But today is not a warmer weather day and the door to the tower looks firmly closed. I'm not sure I would have fancied experiencing the balcony outside the lantern room in today's inclemencies anyway. The waves whip a white foam around the sandstone base of the pier and the wind tries relentlessly to snatch away the now very crumpled map that I have clutched tightly in my hand.
Against the brooding sky, the lighthouse looks ripe for a haunting. And a haunting it does indeed have.
Of course, these days, lighthouses have electric lights and are often automated. But this lighthouse's ghost hails from the days that the life-saving signal needed to be lit and tended by hand.
And one day, as dusk was beginning to creep in and the pelting rain of an incoming storm already blurred the darkening skies, the West Lighthouse's keeper hurried towards the tower, knowing lives would depend on his signal that night. The tempest grew and he battled his way through rains sent horizontal by swelling winds and
By the time he reached the base of the lighthouse steps, his clothes were soaked and dripping as he toiled up those 81 steps with grim determination, leaving a watery trail behind him. He got the lamp lit, as his duty demanded, and started to head back down the steps to find a warm fire and dry clothes.
But, tired and distracted as he was, he didn't notice how slick the steps were from the rain he had shed all the way up them. and before he had time to realise the slippery danger, his feet went out from under him, and down he fell, finding his fateful end on the cold steps of the lighthouse's staircase.
It's claimed that witnesses have seen the apparition of the unfortunate lighthouse keeper hurrying towards the tower just as he did on that fateful stormy night. Some say they have seen him doggedly making his last journey up the steps to light the lamp, forever replaying his last crucial but deadly task.
This is the version of the story told in many guidebooks and town trails, but ask the local ghost tour guides who have been stomping these streets for years, or consult their books at least, and they tell a slightly different version.
According to Paul McDermott's The Whitby Ghost Book and James J. Brown's The Original Ghost Walk of Whitby, the real story came from a young girl who visited the lighthouse with her mother in the 1950s.

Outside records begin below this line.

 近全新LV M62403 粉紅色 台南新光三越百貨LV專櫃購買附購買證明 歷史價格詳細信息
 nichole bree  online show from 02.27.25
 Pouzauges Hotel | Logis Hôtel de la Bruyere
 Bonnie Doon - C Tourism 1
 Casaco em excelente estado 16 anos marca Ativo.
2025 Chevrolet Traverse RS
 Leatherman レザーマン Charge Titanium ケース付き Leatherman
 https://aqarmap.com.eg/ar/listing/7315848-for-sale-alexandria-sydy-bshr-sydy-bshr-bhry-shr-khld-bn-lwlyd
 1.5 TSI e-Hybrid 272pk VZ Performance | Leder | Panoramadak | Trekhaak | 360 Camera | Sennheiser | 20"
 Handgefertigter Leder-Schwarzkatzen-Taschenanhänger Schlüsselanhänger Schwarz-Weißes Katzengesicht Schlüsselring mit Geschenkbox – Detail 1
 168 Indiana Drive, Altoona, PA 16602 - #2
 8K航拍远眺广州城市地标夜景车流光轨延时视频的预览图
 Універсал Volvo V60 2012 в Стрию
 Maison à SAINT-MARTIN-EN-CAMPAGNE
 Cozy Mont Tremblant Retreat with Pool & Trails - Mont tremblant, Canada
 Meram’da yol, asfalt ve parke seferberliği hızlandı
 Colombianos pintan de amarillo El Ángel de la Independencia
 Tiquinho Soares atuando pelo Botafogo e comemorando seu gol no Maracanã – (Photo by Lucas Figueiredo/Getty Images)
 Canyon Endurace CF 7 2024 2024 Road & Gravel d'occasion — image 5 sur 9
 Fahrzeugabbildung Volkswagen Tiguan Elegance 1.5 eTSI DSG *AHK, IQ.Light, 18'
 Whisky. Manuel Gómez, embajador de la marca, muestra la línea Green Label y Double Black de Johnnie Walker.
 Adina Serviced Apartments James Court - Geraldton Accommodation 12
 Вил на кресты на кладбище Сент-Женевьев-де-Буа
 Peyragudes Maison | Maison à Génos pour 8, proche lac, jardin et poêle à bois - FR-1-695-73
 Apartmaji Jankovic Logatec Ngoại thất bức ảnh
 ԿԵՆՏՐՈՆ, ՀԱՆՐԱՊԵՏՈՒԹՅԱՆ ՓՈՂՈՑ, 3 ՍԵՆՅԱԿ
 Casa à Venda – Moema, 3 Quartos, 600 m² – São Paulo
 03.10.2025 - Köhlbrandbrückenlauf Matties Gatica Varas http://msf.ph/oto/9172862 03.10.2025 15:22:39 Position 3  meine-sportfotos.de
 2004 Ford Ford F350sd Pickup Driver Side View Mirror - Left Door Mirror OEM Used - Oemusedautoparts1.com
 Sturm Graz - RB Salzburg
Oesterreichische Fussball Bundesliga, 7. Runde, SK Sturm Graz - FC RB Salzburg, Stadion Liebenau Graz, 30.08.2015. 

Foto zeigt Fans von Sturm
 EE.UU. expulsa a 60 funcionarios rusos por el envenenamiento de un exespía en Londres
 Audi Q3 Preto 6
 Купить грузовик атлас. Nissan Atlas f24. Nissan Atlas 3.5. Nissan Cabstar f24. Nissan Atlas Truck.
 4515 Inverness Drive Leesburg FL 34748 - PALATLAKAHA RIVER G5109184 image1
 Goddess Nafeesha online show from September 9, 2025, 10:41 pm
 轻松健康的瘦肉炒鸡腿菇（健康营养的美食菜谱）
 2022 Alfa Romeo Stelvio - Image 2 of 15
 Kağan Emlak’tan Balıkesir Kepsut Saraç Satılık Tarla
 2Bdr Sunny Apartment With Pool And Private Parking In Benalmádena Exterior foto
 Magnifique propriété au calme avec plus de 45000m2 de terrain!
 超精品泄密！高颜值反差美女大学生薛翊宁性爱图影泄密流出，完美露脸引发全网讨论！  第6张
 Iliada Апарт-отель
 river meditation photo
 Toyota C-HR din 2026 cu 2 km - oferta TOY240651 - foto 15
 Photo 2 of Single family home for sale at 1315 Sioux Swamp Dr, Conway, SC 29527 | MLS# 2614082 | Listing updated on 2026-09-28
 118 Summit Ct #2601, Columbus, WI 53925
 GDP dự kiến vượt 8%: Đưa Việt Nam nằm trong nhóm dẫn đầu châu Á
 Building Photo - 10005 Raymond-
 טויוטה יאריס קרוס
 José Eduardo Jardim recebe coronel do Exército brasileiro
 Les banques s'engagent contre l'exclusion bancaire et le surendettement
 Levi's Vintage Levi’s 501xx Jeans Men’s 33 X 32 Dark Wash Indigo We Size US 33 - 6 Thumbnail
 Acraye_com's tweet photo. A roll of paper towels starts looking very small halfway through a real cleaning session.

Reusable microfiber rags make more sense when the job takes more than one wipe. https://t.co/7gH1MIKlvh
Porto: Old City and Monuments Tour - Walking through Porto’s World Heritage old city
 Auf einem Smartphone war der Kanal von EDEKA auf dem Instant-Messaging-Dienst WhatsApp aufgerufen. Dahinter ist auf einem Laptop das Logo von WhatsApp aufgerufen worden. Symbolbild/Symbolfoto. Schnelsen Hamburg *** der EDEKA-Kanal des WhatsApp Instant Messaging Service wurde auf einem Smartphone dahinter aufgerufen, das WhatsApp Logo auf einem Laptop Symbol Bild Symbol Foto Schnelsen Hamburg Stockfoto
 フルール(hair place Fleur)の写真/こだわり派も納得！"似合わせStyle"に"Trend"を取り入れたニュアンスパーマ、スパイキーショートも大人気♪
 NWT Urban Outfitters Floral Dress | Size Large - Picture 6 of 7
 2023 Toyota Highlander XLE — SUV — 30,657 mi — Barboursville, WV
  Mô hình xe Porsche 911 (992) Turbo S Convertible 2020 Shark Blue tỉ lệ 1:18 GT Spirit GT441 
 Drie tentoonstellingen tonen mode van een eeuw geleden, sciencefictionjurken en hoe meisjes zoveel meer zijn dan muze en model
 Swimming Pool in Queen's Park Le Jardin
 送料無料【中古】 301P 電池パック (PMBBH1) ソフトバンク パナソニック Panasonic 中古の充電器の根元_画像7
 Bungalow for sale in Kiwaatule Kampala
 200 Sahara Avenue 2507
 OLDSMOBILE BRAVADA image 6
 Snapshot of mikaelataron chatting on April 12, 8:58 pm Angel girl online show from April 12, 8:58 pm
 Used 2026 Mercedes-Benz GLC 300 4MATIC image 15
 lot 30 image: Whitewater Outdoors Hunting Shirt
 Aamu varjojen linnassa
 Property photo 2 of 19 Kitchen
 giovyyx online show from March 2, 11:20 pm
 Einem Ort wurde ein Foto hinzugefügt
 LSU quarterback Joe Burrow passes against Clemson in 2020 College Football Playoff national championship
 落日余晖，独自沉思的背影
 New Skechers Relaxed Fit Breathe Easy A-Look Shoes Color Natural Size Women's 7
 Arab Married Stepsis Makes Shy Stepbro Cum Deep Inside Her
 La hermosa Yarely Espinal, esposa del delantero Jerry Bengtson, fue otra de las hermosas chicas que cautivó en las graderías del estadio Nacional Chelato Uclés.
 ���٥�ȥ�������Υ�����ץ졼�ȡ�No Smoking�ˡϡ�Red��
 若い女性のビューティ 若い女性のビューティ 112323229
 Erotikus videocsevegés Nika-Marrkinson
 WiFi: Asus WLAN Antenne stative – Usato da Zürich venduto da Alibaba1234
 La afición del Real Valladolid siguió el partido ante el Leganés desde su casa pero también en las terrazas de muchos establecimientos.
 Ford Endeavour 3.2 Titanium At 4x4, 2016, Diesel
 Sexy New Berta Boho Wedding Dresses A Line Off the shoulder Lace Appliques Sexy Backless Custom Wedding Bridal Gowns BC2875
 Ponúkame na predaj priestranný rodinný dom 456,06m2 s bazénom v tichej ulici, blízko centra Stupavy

The pair were climbing the long winding staircase when the girl stopped in her tracks at seeing the prostrate form of a severely ill or injured man lying across the stairs halfway up.
He was wearing seaman's clothes and she could clearly see that he had only one arm. She was absolutely baffled when her mother simply urged her on up the stairs, expecting of course for her parent to rush to the man's aid, but she quickly realised that no one else but her could see him.
Paul McDermott writes that he came across this story when he read a letter published in the Whitby Gazette written by this very girl, only now an adult, describing her strange experience in the lighthouse.
He adds that he looked into this further and was actually able to discover there was in previous years a one-armed man who worked at the lighthouse and sadly suffered a heart attack and died right in the middle of the long staircase.
James J. Brown notes in his retelling that when the girl explained to her mother why she had stopped on the stairs and what she had seen, the mother realised straight away that what her daughter witnessed was not of the living, as she personally knew of the one-armed keeper, who had tragically died on those stairs some years before. Which version of this, if any, is true, we may never know.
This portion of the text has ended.